Drilling is expected to begin as early as Sept. 21, but may begin as late as Sept. 25.

On June 28, Treaty Energy acquired a working interest on the Stockton lease from U.S. Fuels Inc. of Breckenridge, Texas. This working interest included a 75% net revenue interest and a 100% working interest. The remaining 25% net revenue interest is dedicated to existing overriding royalty interests.

On July 17, the company completed survey work and were solidifying plans to drill two offset wells from the Mitchell lease on the Stockton lease. Requests for drilling permits were filed approximately two weeks after survey work was completed. The company received permitted approval to drill the two wells on Aug. 6 from the Texas Railroad Commission (TRRC).

The company finalized and signed contracts on Sept. 11 to begin drilling the two planned wells on the Stockton lease. As previously announced, the company has sought no partners on the project and will be completely self-funded. The company's self-funding grants 100% of the 75% net revenue interest as revenue for the company.

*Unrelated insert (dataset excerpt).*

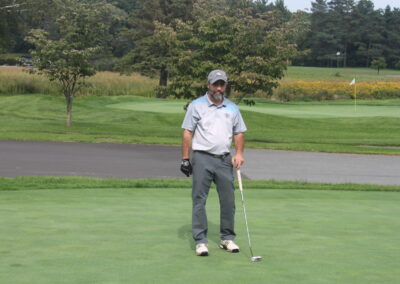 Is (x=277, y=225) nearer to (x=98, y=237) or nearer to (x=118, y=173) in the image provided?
(x=98, y=237)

Due to proximity and same field geology, initial production numbers and estimated production rates are expected to be similar to the Mitchell #4 well, which received an initial production rate of 61 barrels per day (bbl/d) of oil and an announced production rate of 45 to 50 bbl/d of oil. Both wells will be drilled to an approximate depth of 4800 feet and will be drilled sequentially. Based on the Mitchell's production rates, the Stockton wells combined are expected to bring in $205,000 in revenue within 30 days of completion.

As part of the Stockton lease development, the company recently purchased the Stockton #1 well. The strategic Stockton #1 purchase reduced the capital needed to begin work on the project by supplying an existing oil and gas infrastructure, namely the tank batteries and water separators. Both of these were recently repaired by the company in order to remove the Mitchell #1 from severance.

The company plans to complete site preparations by the end of this week and will begin drilling shortly thereafter. The exact start date is dependent on the completion of another scheduled drilling project and completion of the site preparations. Well operations and drilling oversight on the Stockton lease will be handled by David Jakobot of U.S. Fuels Inc.

"The company is excited to begin the Stockton project and shareholders should be excited as well. The Stockton project will continue to move the Company closer to cash flow positive status and will provide us with more capital to start new projects and revamp existing operations. Initial revenue from the Stockton wells will be used to return to the Madeley 'F', Lakeshore and Hill leases in East Texas," Andrew Reid, Treaty Energy CEO, said in the release.

Treaty Energy Corp. is an exploration stage company engaged in the acquisition, development, and production of crude oil and natural gas properties. The company is based in New Orleans.